Cigarettes will be sold in plain, standardised packages carrying large, graphic warnings against smoking - and the brand name in small print - from 2012, under proposed new legislation.
The government also sharply raised taxes on cigarettes by 25 percent from midnight on Thursday, adding about two dollars (1.85 US) to a packet of 30, with the proceeds ploughed in to healthcare.
"Cigarettes are not cool, cigarettes kill people," said Prime Minister Kevin Rudd. "This will be the most hardline regime for cigarette packaging anywhere in the world," he added.
Rudd said Australia also planned new curbs on Internet tobacco advertising and would spend 27.8 million dollars on a "hard-hitting" anti-smoking campaign.
"The big tobacco companies will hate what we are doing," he said. "The government however makes no apology what for what we are doing - it is the right decision."

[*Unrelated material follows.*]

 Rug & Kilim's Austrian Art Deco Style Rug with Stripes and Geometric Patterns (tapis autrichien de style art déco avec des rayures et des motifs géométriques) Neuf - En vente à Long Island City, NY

Imperial Tobacco Australia said it planned to challenge the plain packaging on the grounds that it would affect its profits, arguing that branding has commercial value.
"Introducing plain packaging just takes away the ability of a consumer to identify our brand from another brand, and that's of value to us," a spokeswoman told ABC radio.

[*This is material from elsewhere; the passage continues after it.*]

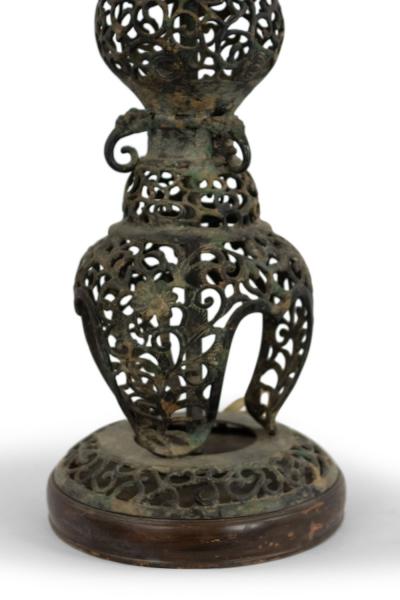 Chinese Style Black Iron Filigree Table Lamp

"It really affects the value of our business as a commercial enterprise and we will fight to support protecting our international property rights."
One intellectual property expert said the move could cost taxpayers more than three billion dollars in compensation. But Health Minister Nicola Roxon said the legislation would be carefully drafted to withstand legal challenges.

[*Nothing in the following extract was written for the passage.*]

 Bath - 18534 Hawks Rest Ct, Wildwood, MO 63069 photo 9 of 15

"There will be very graphic warnings, there will be no colourful branding or logos," she said.
"This is the last vestige of advertising that remains in Australia for tobacco companies and we make no apologies about trying to close it down."
Tobacco advertising is outlawed in Australia, and smoking is also banned in most enclosed public spaces such as offices and restaurants.
However Rudd said some 15,000 Australians die of smoking-related diseases every year, and that tobacco use cost the country 31.5 billion dollars a year in healthcare and lost productivity.
Health lobbies welcomed the radical packaging initiative, saying it would help stop children experimenting with cigarettes.
"Research evidence confirms retail displays predispose children towards smoking, and make them more likely to experiment with tobacco products," said the Heart Foundation's Cameron Prout.
"Banning displays is an excellent public health initiative which will not only save lives, but also reduce the burden on the health system with less smokers presenting with cardiovascular disease and cancer."
Meanwhile neighbouring New Zealand also raised the price of cigarettes by 10 percent on Thursday, with further 10 percent rises to follow at the start of 2011 and 2012.
"This move will put the price of cigarettes and roll-your-own tobacco up enough to save hundreds of lives," said Associate Health Minister Tariana Turia.
Turia is also co-leader of the Maori Party, which aims to represent indigenous New Zealanders. About 40 percent of adult Maori smoke, double the rate for all New Zealand adults.